In Cranach's conception of the story, it is never the rape itself that is shown, but Lucretia alone about to commit suicide. Given the subject matter, his paintings are remarkably lacking in violence: the most one ever sees is a discreet drop of blood trickling from the point of the knife. Like Judith, the Old Testament heroine, or Salome, the jealous daughter of Herod, both of whom the artist frequently depicted, Lucretia is an iconic figure in Cranach's repertoire, an embodiment of virtue rather than an historical figure.

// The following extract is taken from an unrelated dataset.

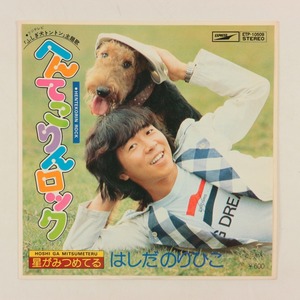 ◆EP◆見本盤◆はしだのりひこ◆へんてこりんロック/星がみつめてる◆フジテレビ「ふしぎ犬トントン」主題歌◆ETP-10509◆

However, there is another contradictory element also present in Lucretia, an erotic subtext that runs through Cranach's art, from around 1520 onwards. While on one hand she symbolizes wifely virtue, on the other she is a sixteenth century "Venus in furs." She has dressed for her suicide in a jeweled collar with a gold chain around her neck, and her fur-lined cloak is pulled open so it frames her naked bosom and stomach. Cranach uses the same type, with subtle variations, for nearly all his female subjects, be they Eve, Judith, Salome, Lucretia or Venus. She is a young, slim Saxon girl, cool but knowing as she subtly engages the viewer's eye. The most overtly sexual paintings are those of Venus and the Honey Thief, but the erotic theme is apparent in the others as well. The court at Wittenberg was an educated and sophisticated one, engaged in the religious debates of the day, familiar with the classics but not immune to the sensual pleasures of a narrow and wealthy society. Lucas Cranach the Elder and Younger understood the tastes of their patrons and served them well.
We are very grateful to Dr. Dieter Koepplin for his assistance in cataloguing this lot.
1. See C. Talbot, "Cranach," in The Dictionary of Art, London 1996, vol. 8, p. 112.
2. D. Koepplin, in conversation and written communication, October 2008.
3. W. Schade, in a letter of October 23, 2007, based on photographs of the work.
4. L. Meyer, in a letter of November 3, 2008, based on photographs of the work.